# Exercise brief
Write the entries below out again exactly; any picture in them stays out.

# Extracted material
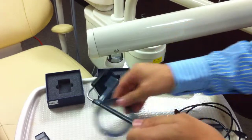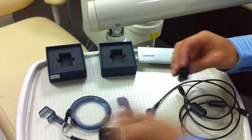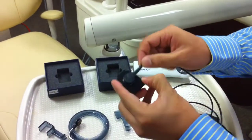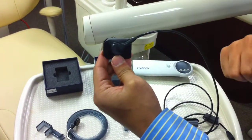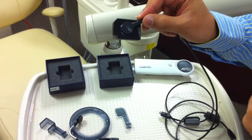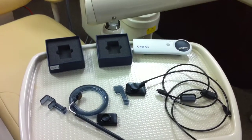If your assistants are used to taking x-rays using a snap array, you could use the flexible cable — snap that on. Once again, it rotates 360 degrees, and I can put the cable at any angle I want so it's comfortable for the patient. I just use a regular snap array and snap it directly onto the sensor to position the patient's mouth. So that is the entire system.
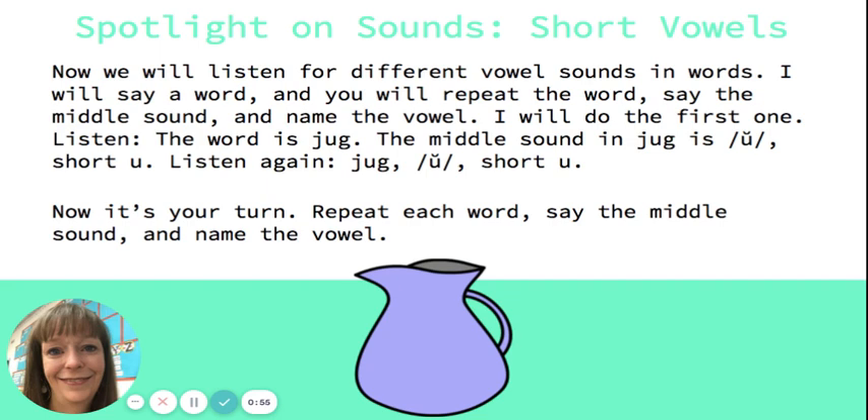With. Say the word: with. Say the middle sound: i. Name the vowel sound: short i. All right, let's try another one. Van. Say the word: van. Say the middle sound: ah. Name the vowel: short a. Great job!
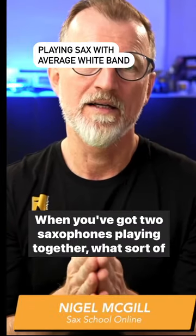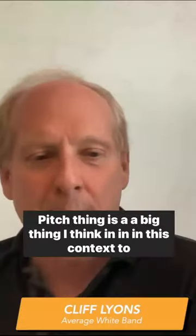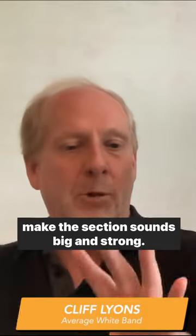When you've got two saxophones playing together, what sort of things do you still have to think about technically? Pitching is a big thing, I think, in this context, to make the section sound big and strong.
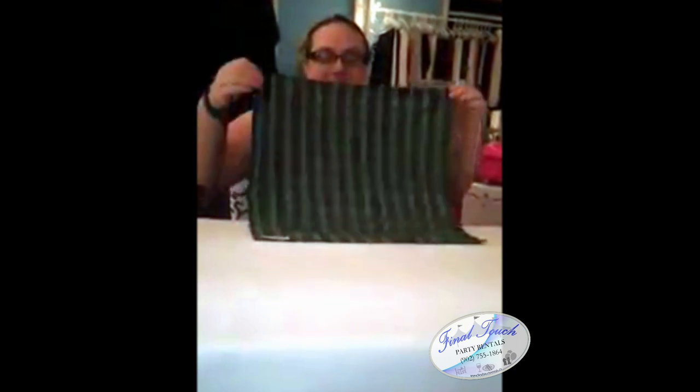You want to start with it up — like if there's a hem or anything, start with that facing up. And you'll see why in a moment. You're going to start like that.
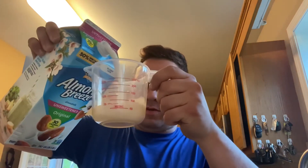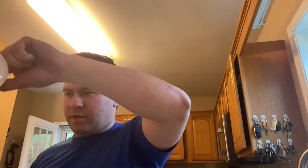First thing is first, we're going to add one cup of almond milk — this is the one I chose. Just putting one cup into a blender here.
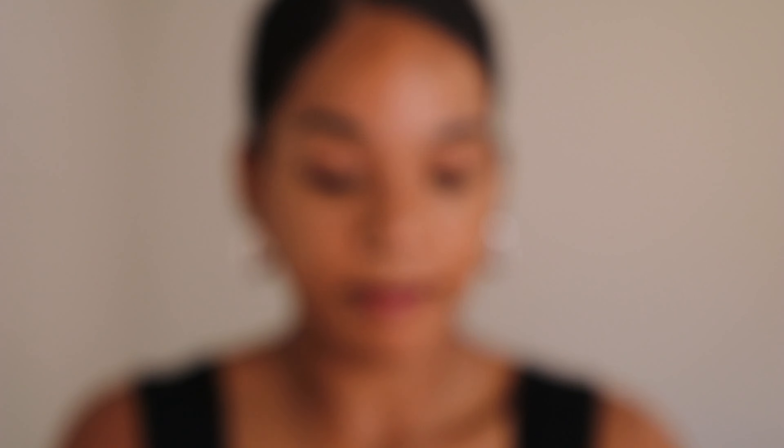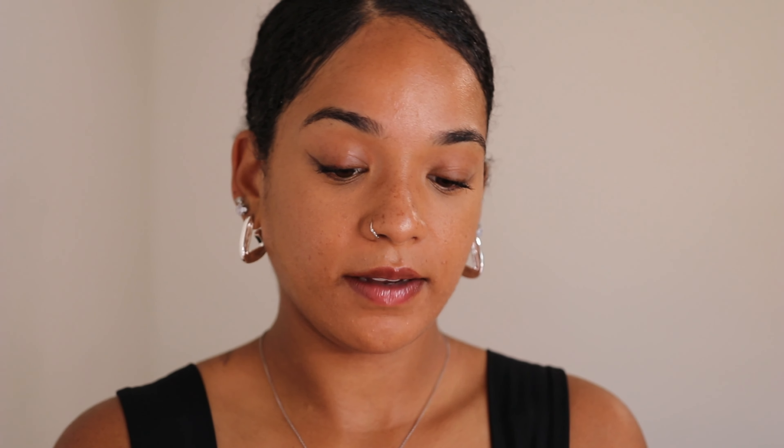In this box we have the little cloth to clean your glasses, a cute case with the brand name — very cute and simple — and then we have the blue light testing kit, which is what we're going to use right now. There's also something in here I'm not sure about, so if somebody could help me out.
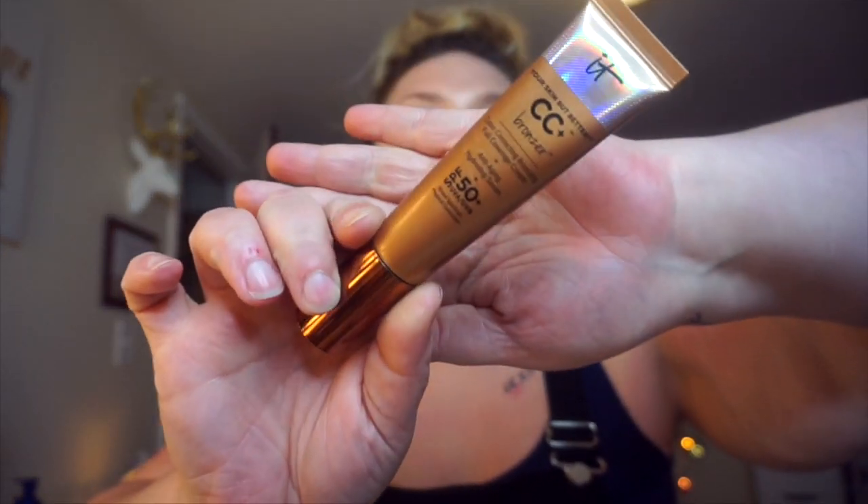Don't forget to blend down onto the sides of your neck, but never concentrate product over there because that's how you get that line of demarcation. I'm going to show you this CC Plus Bronzer Color Correcting Bronzing Full Coverage Cream — I got sucked into the QVC It Cosmetics time warp — but I have to be honest, I don't know that it's the best color for me. Always apply from the back of your hand and then just dabble where you want to place the product.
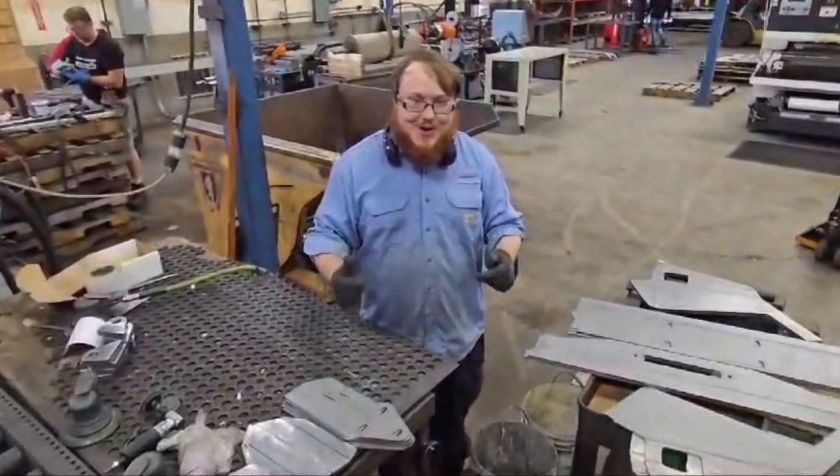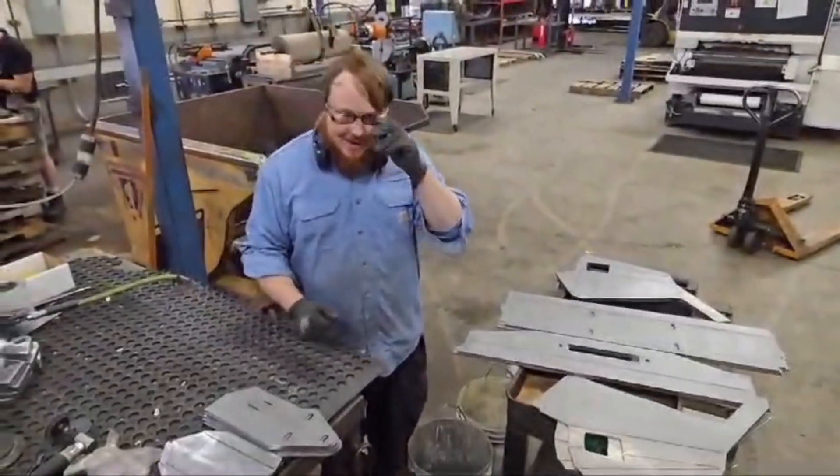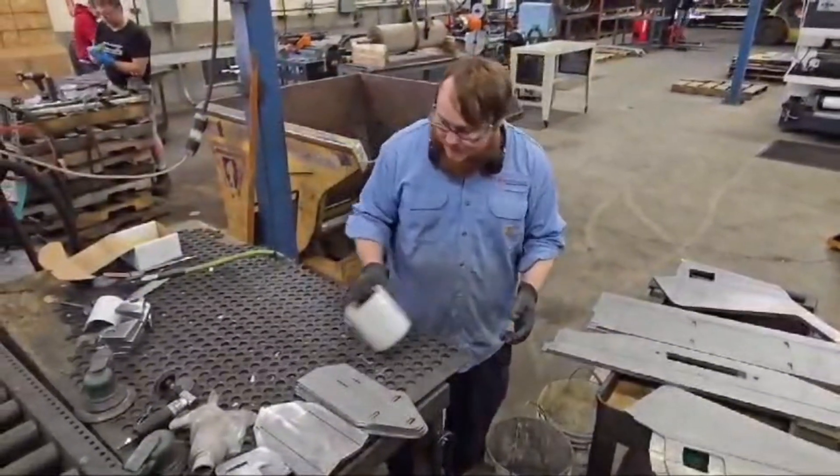This is Chris with another improvement video today for DIYs. How we used to wrap them, we used to lay the parts off the table. They used to run, wrap, and wrap them.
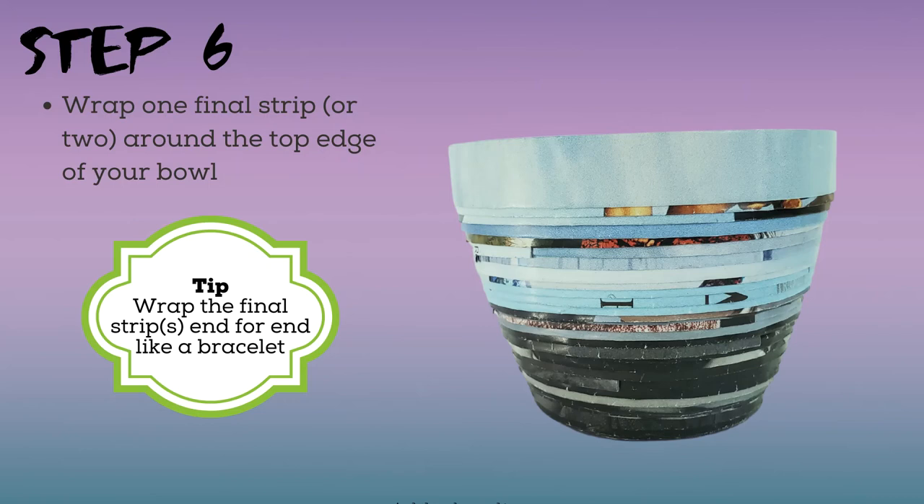The last step is easy. Apply glue like you did in the previous steps and wrap one final strip or two around the top edge of your bowl, but this time end for end like a bracelet. This will help even out the rim of your bowl.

# Result for this exercise
If your assistants are used to taking x-rays using a snap array, you could use the flexible cable — snap that on. Once again, it rotates 360 degrees, and I can put the cable at any angle I want so it's comfortable for the patient. I just use a regular snap array and snap it directly onto the sensor to position the patient's mouth. So that is the entire system.
With. Say the word: with. Say the middle sound: i. Name the vowel sound: short i. All right, let's try another one. Van. Say the word: van. Say the middle sound: ah. Name the vowel: short a. Great job!
When you've got two saxophones playing together, what sort of things do you still have to think about technically? Pitching is a big thing, I think, in this context, to make the section sound big and strong.
You want to start with it up — like if there's a hem or anything, start with that facing up. And you'll see why in a moment. You're going to start like that.
First thing is first, we're going to add one cup of almond milk — this is the one I chose. Just putting one cup into a blender here.
In this box we have the little cloth to clean your glasses, a cute case with the brand name — very cute and simple — and then we have the blue light testing kit, which is what we're going to use right now. There's also something in here I'm not sure about, so if somebody could help me out.
Don't forget to blend down onto the sides of your neck, but never concentrate product over there because that's how you get that line of demarcation. I'm going to show you this CC Plus Bronzer Color Correcting Bronzing Full Coverage Cream — I got sucked into the QVC It Cosmetics time warp — but I have to be honest, I don't know that it's the best color for me. Always apply from the back of your hand and then just dabble where you want to place the product.
This is Chris with another improvement video today for DIYs. How we used to wrap them, we used to lay the parts off the table. They used to run, wrap, and wrap them.
The last step is easy. Apply glue like you did in the previous steps and wrap one final strip or two around the top edge of your bowl, but this time end for end like a bracelet. This will help even out the rim of your bowl.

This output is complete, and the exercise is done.